This summer, indeed this past year, we’ve been reminded of our Otherness again and again. We have been reminded by well-meaning non-Jews who cannot relate to our experience, and by extremists in our own camp we’d sooner avoid. We have a choice before us, Avram’s choice: we could try to make a go of it and convince ourselves and them that we aren’t different. Or, to borrow a shopworn phrase, we could ‘lean in’ to our otherness, and become the blessing we are meant to be. That means leaving our comfort zones. That means speaking out against injustice wherever we see it; the soft bigotry of the European-American left, and the hard bigotry of the Ultra-Nationalist Right. We must challenge the false equivalencies of Zionism and Racism, but we must also work to combat the bigots in our midst who would maintain a status quo that satisfies no one: not the Jew, not the Palestinian, not the woman, not the young person asked to protect his country. We must own Zionism, and not let others define what that means for us.
What must we do? We have our own elections next week where we can make our voices—our progressive voices—heard. And The World Zionist Organization elections begin next month. The WZO sets the policy of the Jewish Agency—including financial policies, and it is essential that our progressive voice is heard. I encourage you to register and vote for ARZA, the Reform Movement’s Zionist organization, to promote our progressive values. And it’s not just about voting; when our kids come home challenged by a social studies project that casts Israel in a bad light, when we hear the voice of the disempowered in our own community grow ever fainter, when we see poverty and violence snuff out any hope in this world, when we see our fellow Jews attempt to enforce some romanticized version of Orthodoxy as a way of ‘keeping the peace’, we must act.  It isn’t enough to hold anxiously to our values here within our own House; we need to bring that forward to the community around us.

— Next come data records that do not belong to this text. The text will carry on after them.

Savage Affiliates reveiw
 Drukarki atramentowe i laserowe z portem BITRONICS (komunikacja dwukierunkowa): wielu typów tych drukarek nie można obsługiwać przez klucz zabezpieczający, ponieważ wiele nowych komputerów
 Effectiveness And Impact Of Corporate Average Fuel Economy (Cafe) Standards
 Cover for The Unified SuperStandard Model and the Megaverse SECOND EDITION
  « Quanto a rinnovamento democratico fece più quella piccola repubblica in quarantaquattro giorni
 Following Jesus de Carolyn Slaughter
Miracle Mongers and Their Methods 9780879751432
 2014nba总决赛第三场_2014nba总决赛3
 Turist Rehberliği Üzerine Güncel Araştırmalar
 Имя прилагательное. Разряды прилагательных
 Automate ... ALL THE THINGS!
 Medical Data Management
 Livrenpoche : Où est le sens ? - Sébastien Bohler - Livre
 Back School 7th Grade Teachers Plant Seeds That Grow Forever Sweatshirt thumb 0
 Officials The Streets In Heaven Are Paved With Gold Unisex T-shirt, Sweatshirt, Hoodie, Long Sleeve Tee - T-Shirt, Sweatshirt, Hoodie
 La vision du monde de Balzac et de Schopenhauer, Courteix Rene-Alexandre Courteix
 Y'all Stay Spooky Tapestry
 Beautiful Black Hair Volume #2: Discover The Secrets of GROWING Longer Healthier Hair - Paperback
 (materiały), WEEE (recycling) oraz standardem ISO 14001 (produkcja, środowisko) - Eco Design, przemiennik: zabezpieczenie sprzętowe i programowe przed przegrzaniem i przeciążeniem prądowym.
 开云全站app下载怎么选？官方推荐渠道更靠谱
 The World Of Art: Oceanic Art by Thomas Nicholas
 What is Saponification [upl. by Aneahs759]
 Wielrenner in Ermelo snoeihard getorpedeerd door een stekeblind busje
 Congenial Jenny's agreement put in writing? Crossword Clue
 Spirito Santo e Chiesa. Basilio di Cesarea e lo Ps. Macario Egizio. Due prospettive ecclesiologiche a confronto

To be a Blessing is not easy; the challenges are legion, and there are days when it would just be easier to nod and smile. But like Avram our father and the Zionists of old, we are called to a journey—from ease to action, from comfort to justice, from darkness to light. May we find our way together on this journey, and may each of us strive to be a blessing. Amen. 

Tuesday, October 28, 2014

Noah and Anxiety: or what happens when we focus on the wrong thing

This past week's sermon!

So I’m at the JCC working on my elliptical and the person to the left of me, a longtime acquaintance, starts gesturing at the TVs. “Ah, I hate it! I hate coming in and seeing these things. It puts me in a bad mood all day.”
She was not angry at TVs themselves, mind you. The electrical rectangles hadn’t done anything to offend her personally. It was, rather, the content on those screens. CNN, Fox News, MSNBC. And what were they showing? We’re all going to die of Ebola. That is, assuming ISIS doesn’t get us first. Or perhaps the various citizens and civil servants of Ferguson? Or the Russian army? Each screen with its own brand and style of hyperventilation, each filling the air with nothing but anxiety and, frankly, nonsense. But there it is, staring us in the face, trying to rile us up to be equally anxious consumers of more anxiety. So we steep in it, increasingly convinced that the world is falling apart, that things are worse than they used to be, that everything is failing around us. So even if we don’t become anxious ourselves, we become cynical, convinced that no good can come of it, that any solution proposed is meaningless, hype, defective in some way, or detrimental; that in fact doing some good is worse than doing nothing.
We are convinced that the sky is falling, or at least there are those working very hard to convince us that the sky is falling. At the same time, we’re being told that there’s nothing to do, nor nothing we can do, about the injustice, inequality or environmental issues that we are facing. Our voices are too small, our actions are empty, our capacity limited. As Leonard Cohen growls, “everybody knows the war is over, everybody knows the good guys lost.”
Well if that’s really the state of the world, I don’t believe it. I think that’s the product news media wants to sell us—crises increase ratings, after all. This isn’t to say the world is sunshine, lollipops and rainbows, either; of course we have our challenges, and those challenges are real. But I, for one, am tired of being told the problems are too big, the solutions too grandiose. And I am tired of manufactured crises that obfuscate real challenges in our world.
In the Torah portion for this week, in parashat Noach, humanity faced a real crisis: “The earth became corrupt before God; the earth was filled with violence.  When God saw how corrupt the earth was, for all flesh had corrupted its ways on earth,  God said to Noah, "I have decided to put an end to all flesh, for the earth is filled with lawlessness because of them: I am about to destroy them with the earth.” Again, we focus on the wrong thing—we are distracted by the Mabul, the flood that will come; we don’t look at the cause of that flood. The problem wasn’t the weather; the problem was the violence—Hamas, by the way, is the word used—in the land.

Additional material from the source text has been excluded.